Record set>
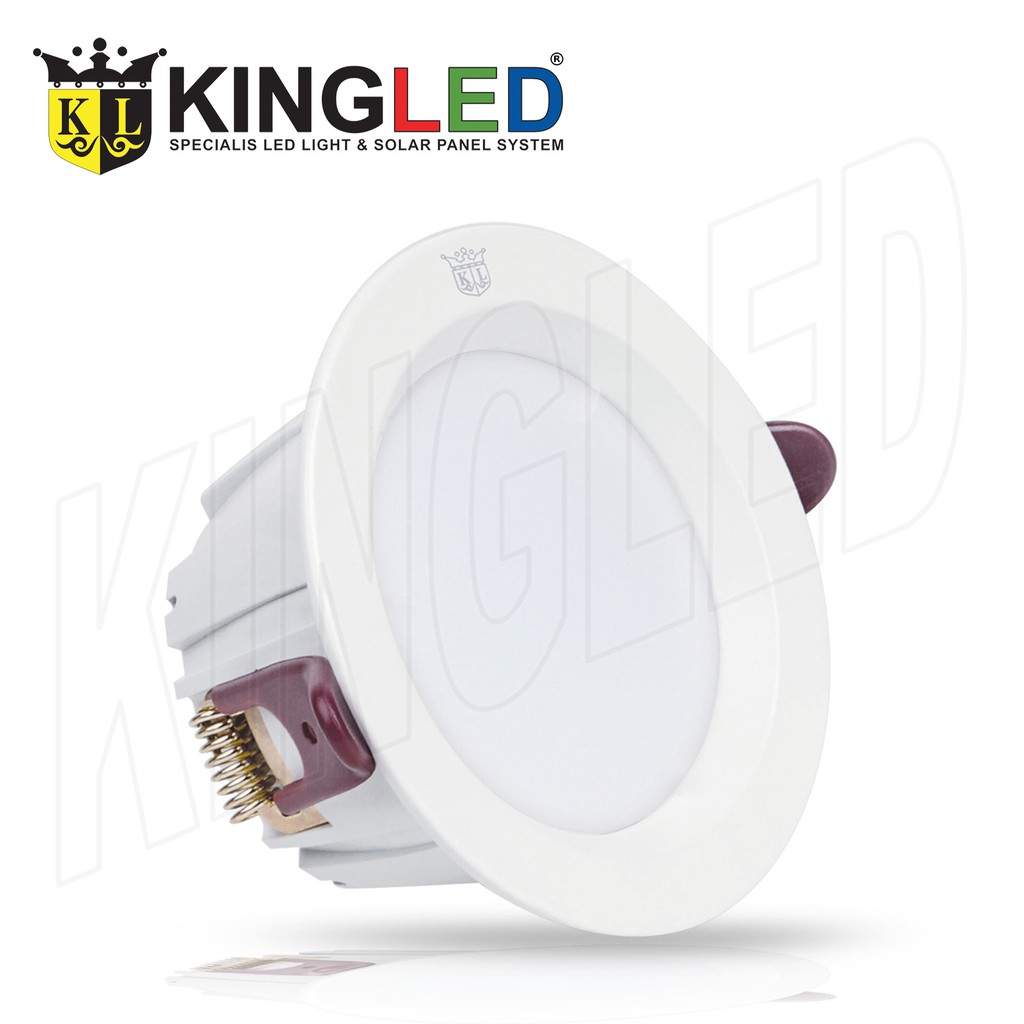 KINGLED Lampu Plafon LED 3 Color 7 Watt, 12 Watt, 18 Watt / Recessed DownLight LED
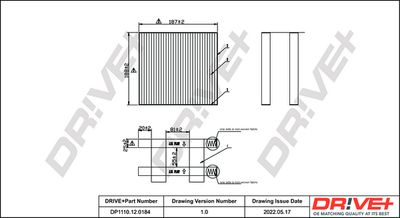 Фильтр, воздух во внутренном пространстве Dr!ve+ DP1110.12.0184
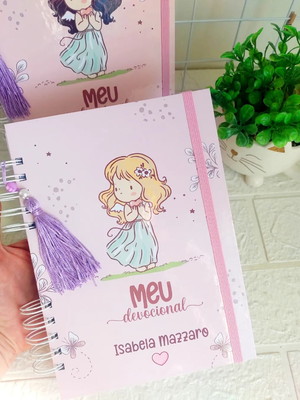 Planner/caderno devocional kids e adulto evangéli e católico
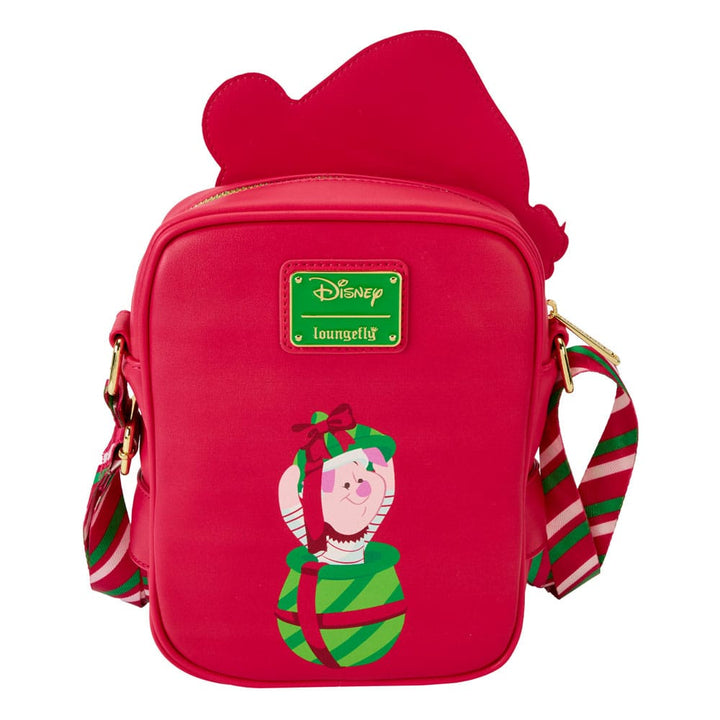 Loungefly Disney Winnie The Pooh Santa Pooh Crossbuddies Bag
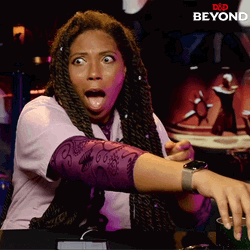 Shocked Blacked Woman Hollering GIF
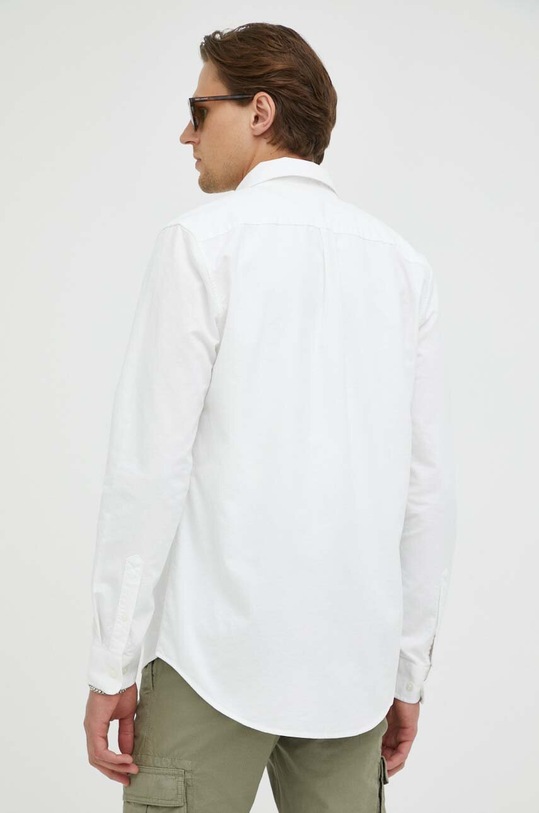 Odzież Samsoe Samsoe koszula bawełniana LIAM M00023175 biały
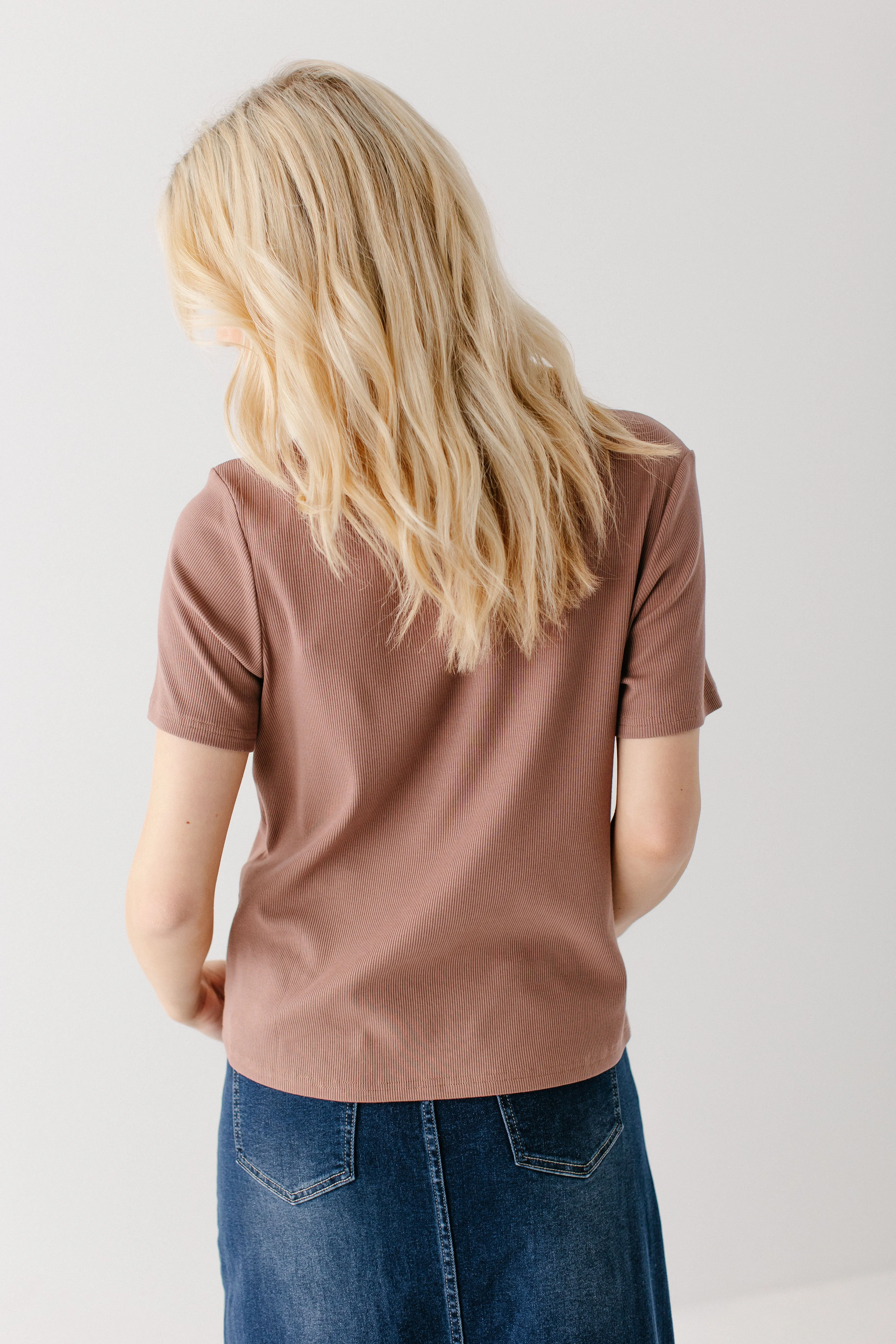 'Shelly' Bamboo Blend Ribbed Tee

Work request> Needed here is only the span from the line with "Planner/caderno devocional kids" through the last line of the entries, copied exactly with both ends and without pictures.

Expected answer>
 Planner/caderno devocional kids e adulto evangéli e católico
 Loungefly Disney Winnie The Pooh Santa Pooh Crossbuddies Bag
 Shocked Blacked Woman Hollering GIF
 Odzież Samsoe Samsoe koszula bawełniana LIAM M00023175 biały
 'Shelly' Bamboo Blend Ribbed Tee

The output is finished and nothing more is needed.